O Globo - 08/09
A saída de Dilma resolve um problema do PT. É muito mais fácil fazer manifestação contra do que a favor, até porque é indefensável um governo como o de Dilma. A truculência da polícia paulista dá ao PT o argumento definitivo para sustentar a “narrativa” de que há no país uma luta entre democratas e golpistas. A atitude do governo Temer de subestimar os protestos completa a festa petista.
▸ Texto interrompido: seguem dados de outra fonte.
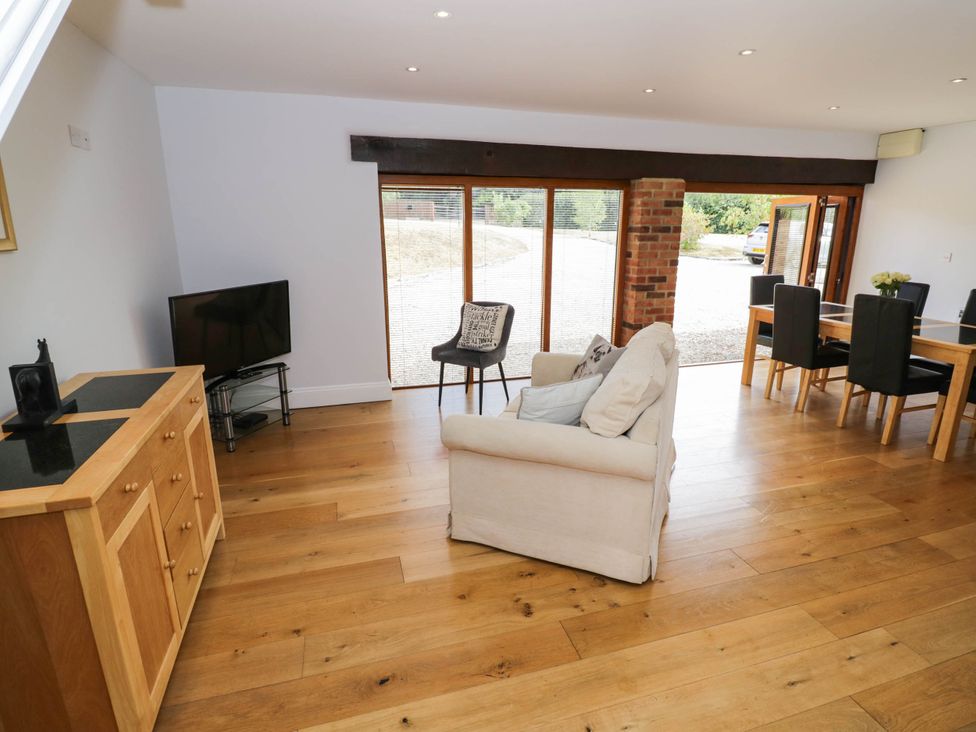 A living room with a sofa and television at Underhill House Annex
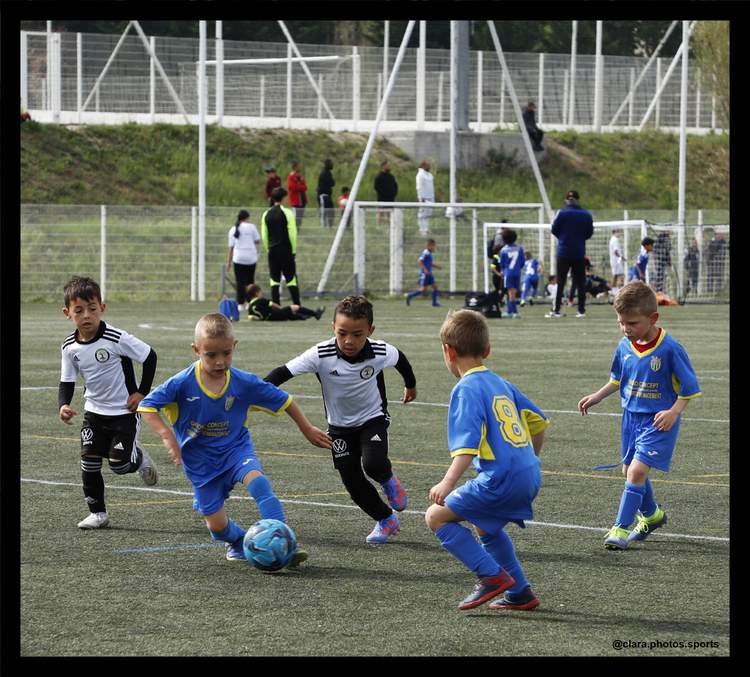Des jeunes joueurs de football en pleine action sur le terrain, avec d'autres personnes en arrière-plan.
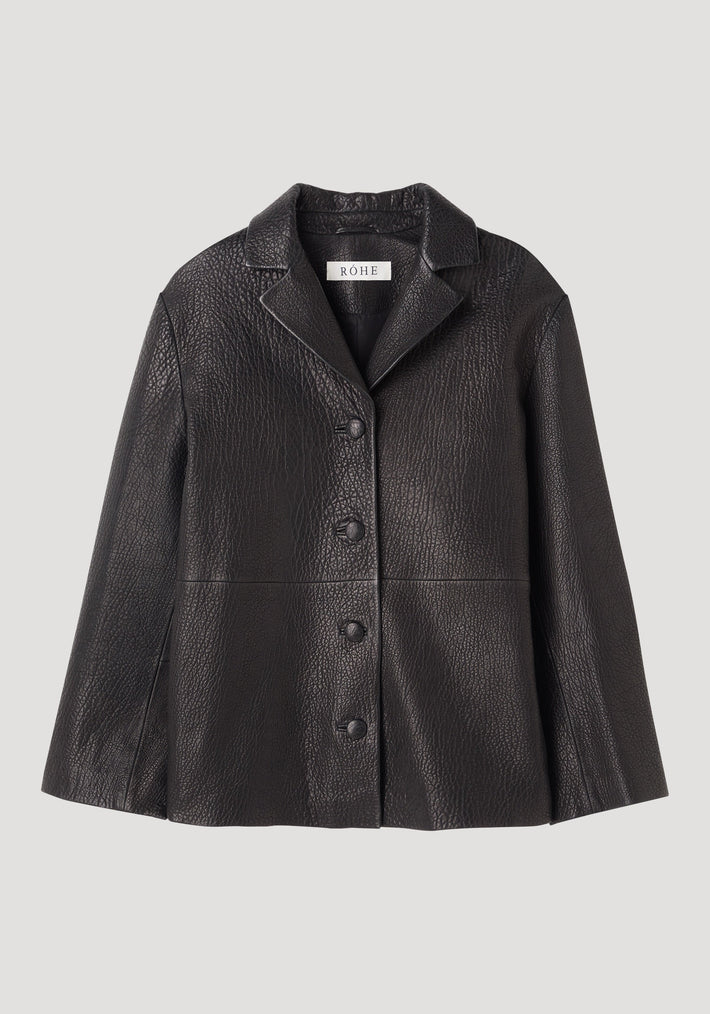 Leather jacket with small lapel in black, featuring a pebbled texture, notch collar, four leather buttons, side-seam pockets, and small side splits. Label reads RÖHE.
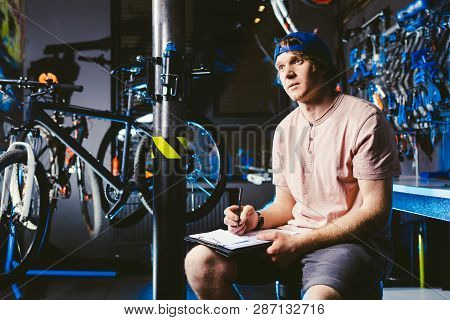 Young Handsome Stylish Man In A Cap Snapback And With A Tattoo Small Business Owner Selling A Bicycl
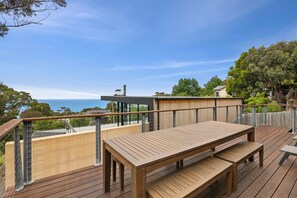 A wooden deck with a table and benches, overlooking a scenic view with trees and a clear sky.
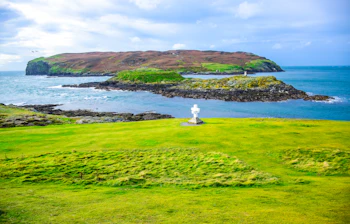 Spektakulær kystlinje på Isle of Man med frodige grønne marker og stenede øer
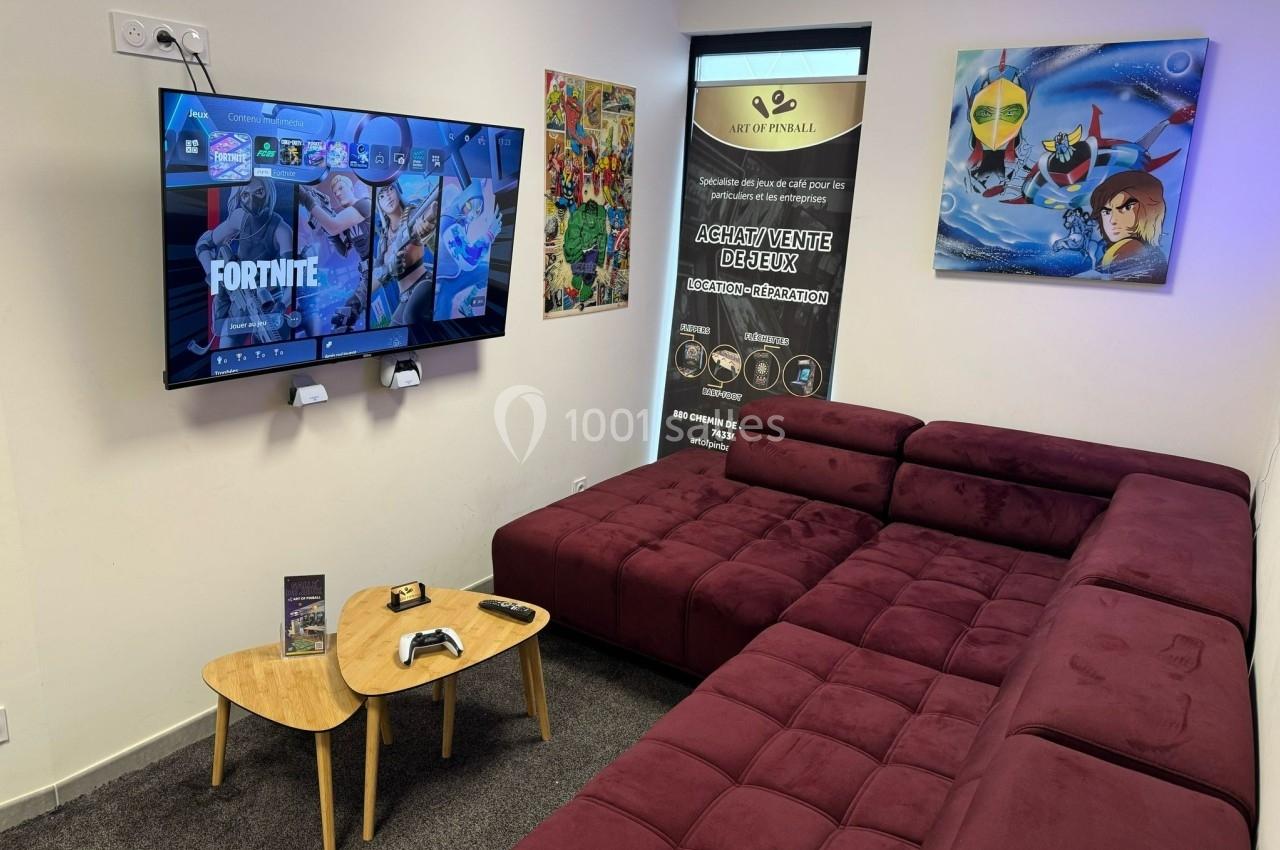 Salle de jeux avec canapé d'angle, écran affichant un menu de jeu vidéo, table basse et affiches décoratives au mur.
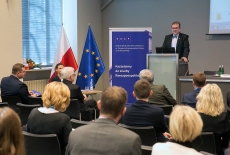 Dyrektor KSAP Wojciech Federczyk przemawia z mównicy w auli KSAP. Widoczni siedzący uczestnicy konferencji. Obok mównicy baner KSAP i flagi polska i unijna.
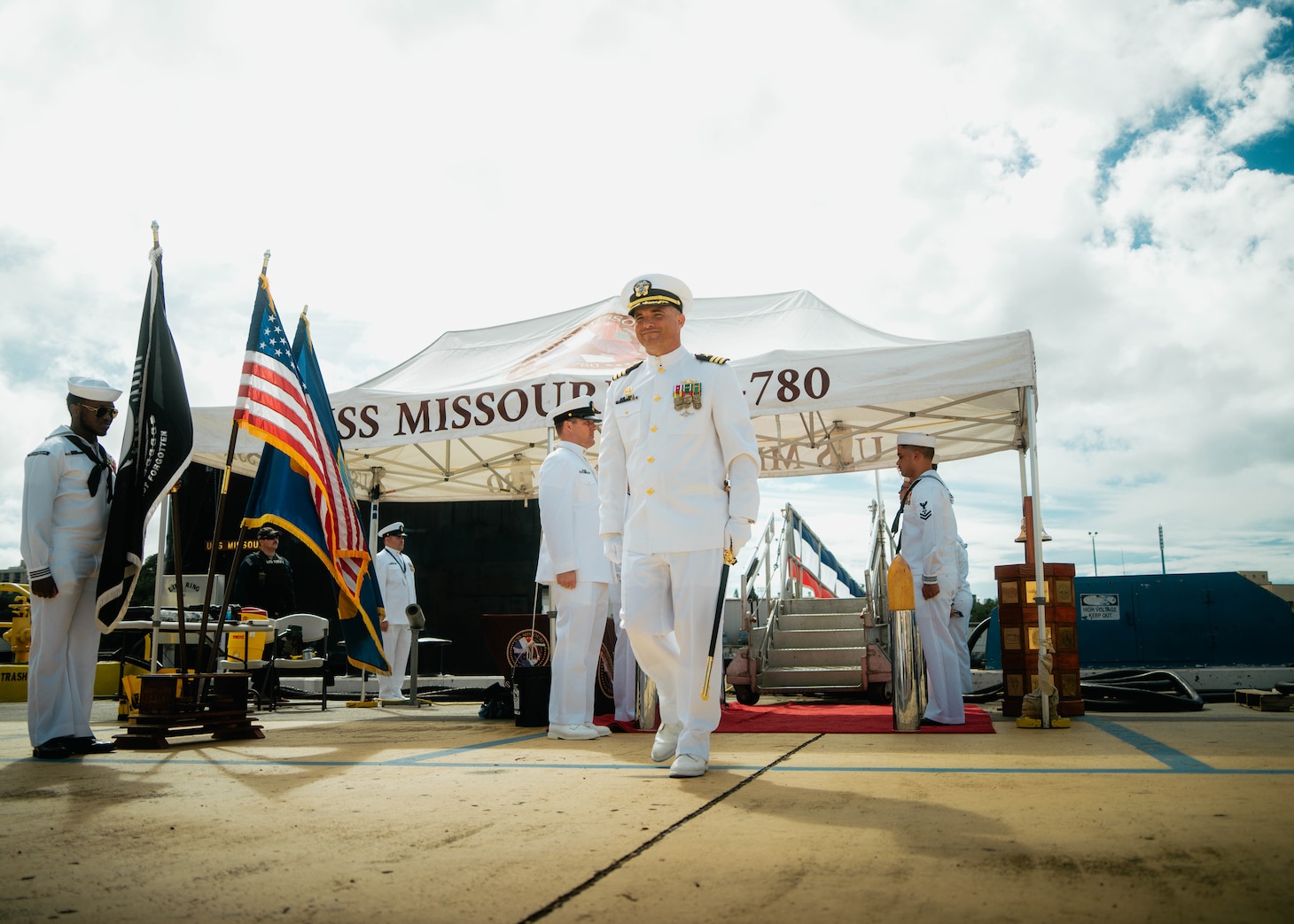 JOINT BASE PEARL HARBOR-HICKAM, Hawaii (Nov. 19, 2025) - Cmdr. Michael Humara, commanding officer of Virginia-class fast-attack submarine USS Missouri (SSN 780), departs the change of command ceremony for Missouri at Joint Base Pearl Harbor-Hickam, Hawaii, Nov. 19, 2025. Missouri is assigned to Submarine Squadron 7 and is capable of supporting various missions, including anti-submarine warfare, anti-surface ship warfare, strike warfare, special operations forces support, and intelligence, surveillance, and reconnaissance. (U.S. Navy photo by Mass Communication Specialist 2nd Class Nicholas Russell)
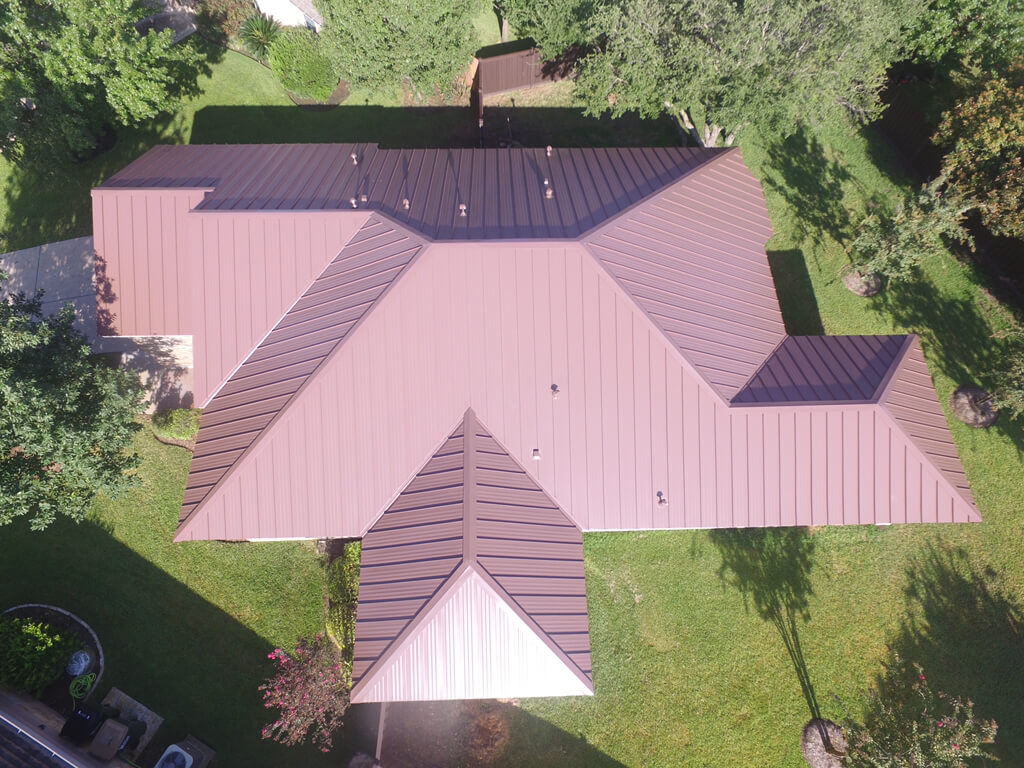 Red metal roof on Georgetown home from a birds eye view.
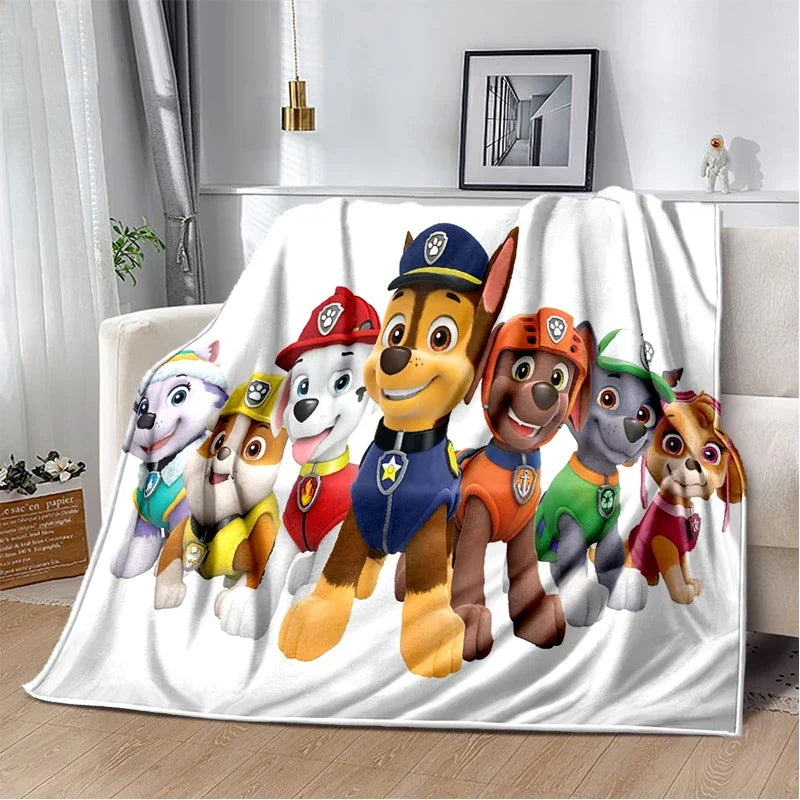 A white flannel throw blanket featuring a cartoon dog plush characters in various poses.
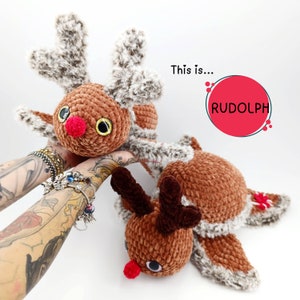 Può includere: Due giocattoli di renne all'uncinetto fatti a mano. Le renne hanno corpi marroni, corna grigie e marroni soffici e nasi rossi. Il testo "This is... RUDOLPH" è in un cerchio rosso.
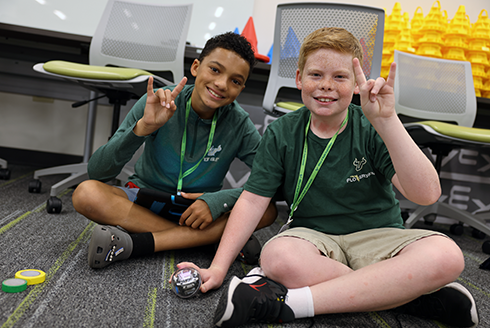 Two students hold up a USF U during everyone can code camp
Os atos radicais dos black blocks não legitimam o comportamento da polícia paulista que, entra secretário, sai secretário, só consegue ir para a rua se for para, a certa altura, bater em quem vê pela frente. Em outros estados, também há relatos de violência policial desnecessária, mas em São Paulo são mais frequentes. São incontáveis os jornalistas que já sofreram nas mãos de policiais, mesmo exibindo os seus crachás de imprensa brasileira ou estrangeira. Haver um grupo desordeiro em um protesto não justifica a reação violenta contra todos. O Estado tem o poder de polícia para usá-lo na defesa do cidadão, e não o contrário. Um coronel achar engraçado uma jovem de 19 anos perder a visão de um dos olhos é revoltante.
O MST foi para a rua contra a reforma da Previdência afirmando que ela trará prejuízo para os trabalhadores e nada disse sobre o fato de que trabalhadores e aposentados das estatais estavam sendo roubados pelo governo que acaba de cair. É notável também o silêncio da CUT diante das revelações da Operação Greenfield. Que parte o MST e a CUT não entenderam? Vale talvez explicar de novo: dirigentes de fundos de pensão, nomeados pelo Partido dos Trabalhadores, em cumplicidade com grandes empresários, roubaram o patrimônio dos trabalhadores e dos aposentados das estatais. Simples assim.
Uma crise é uma crise é uma crise. Nela, o mau humor das pessoas fica em alta porque a compra mensal é mais cara a cada mês, os empregos somem, as empresas quebram, os empréstimos são negados, o lazer não cabe no orçamento, o futuro se torna sombrio. Neste ambiente, aumenta a raiva. Contra quem? O governo, ora. É disso que o PT escapou com a transformação de Dilma Rousseff em ex-presidente. Quando ela pegou seu avião e despachou seus quatro caminhões para o Rio Grande do Sul estava resolvendo um problema que parecia insolúvel. Seu governo criou uma crise de grandes dimensões, mas poderá agora dizer que tudo é culpa daqueles que supostamente usurparam o poder.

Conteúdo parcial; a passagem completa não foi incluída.